人間のトレーダーの認知構造を模したLLMベースのエージェント『FinMe』が開発され、性能とフレームワークの情報が公開されました。
株やファンドの取引において、他のエージェントよりも優れた能力を示しているとのことです。
@ Yangyang Yu “FinMe: A Performance-Enhanced Large Language Model Trading Agent with Layered Memory and Character Design”
論文によると、金融情報はもはや洪水であり、人間の認知能力ではデータの選別は容易ではありません。
取引エージェントの開発は進められてきましたが、データの処理結果を統合することに課題がありました。
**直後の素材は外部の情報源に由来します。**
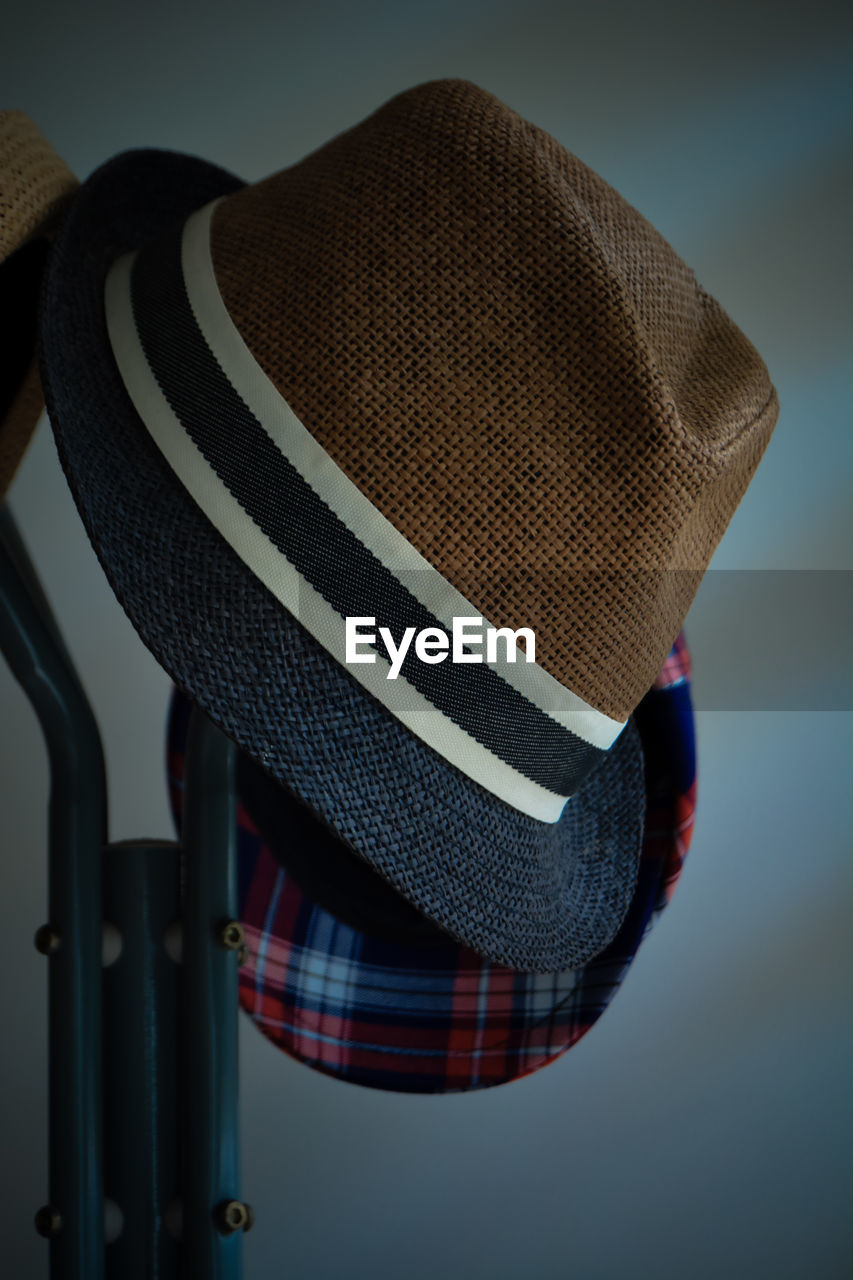 hat, clothing, fashion accessory, cap, headgear, sun hat, indoors, pattern, studio shot, close-up, no people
そこで研究者らは、LLMに独自のメモリシステムと認知構造を与えて優れた取引エージェント『FinMe』の設計を目指しました。
■『FinMe』のポイント
① 日々のニュースや年次報告書を効果的に吸収
② 金融市場の変動性や緊急性のある情報を迅速に処理
③ 時間データに敏感でパフォーマンス向上に役立てる
■人間の認知構造をどのように模したか
① ワーキングメモリと長期記憶を処理する層状メモリを持つ
② 時間感受性を持ち、情報の優先順位付けを行う
③ 経験を通して知識を強化し、より賢くなっていく
■性能
① GPT-4を使用した取引実験で累積リターンを獲得
② 最低のボラティリティと最大ドローダウンを維持
③ 長期のトレーニングを経て一貫したパフォーマンスを達成
ただし、LLMはリスクのある金融取引への使用は厳重に注意することが推奨されています。
このようなシステムの仕組みを過度に信頼しすぎることなく、あくまで参考程度にとどめることが重要です。